Exercise 3
Multivariate Nonparametric Regression
(warning: beware of curse of dimensionality!)
Question 1 (theoretical warming-up).
Let y be a response variable and assume there is a
single explanatory variable x. Consider transformations of variables
F(y) and Φ(x) and without loss of generality, assume that
F(y) and Φ(x); are centered and scaled to have zero means and unit variances.
Following the ACE methodology, we are
seeking F(y) and Φ(x) to minimize
E[F(y)-Φ(x)]2.
Show that this is equivalent to finding the so-called maximal correlation
- the largest possible correlation between a function of y and
a function of x.
Question 2.
The file Air.dat contains 111
observations taken from an environmental study that measured the four variables:
ozone (surface concentration of ozone in New York, in parts per million),
radiation (solar radiation),
temperature (observed temperature, in degrees Fahrenheit) and
wind (wind speed, in miles per hour) for 111 consecutive days.

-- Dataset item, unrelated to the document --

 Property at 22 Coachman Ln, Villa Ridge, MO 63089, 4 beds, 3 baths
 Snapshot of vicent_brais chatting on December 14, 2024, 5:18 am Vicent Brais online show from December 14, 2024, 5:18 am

The study investigated the influence of solar radiation, temperature and wind
speed on concentration of ozone.
- Fit a linear model to the data. Does it seem adequate?
- Fit an additive nonparametric model and compare it with the linear one.
- Perform projection pursuit regression trying various smoothing methods
and different number of terms (one, two, three). Choose the most reasonable
projection pursuit model.
What are the resulting explanatory variables?
Compare the results with those obtained on previous steps.
- Perform ACE algorithm to find transformations of variables
that maximizes the correlation. Do the resulting transformations hint on some
parametric model? (but don't try to find a black cat in a dark room especially
if it is not there!)
- Return to the previous paragraph applying the AVAS algorithm.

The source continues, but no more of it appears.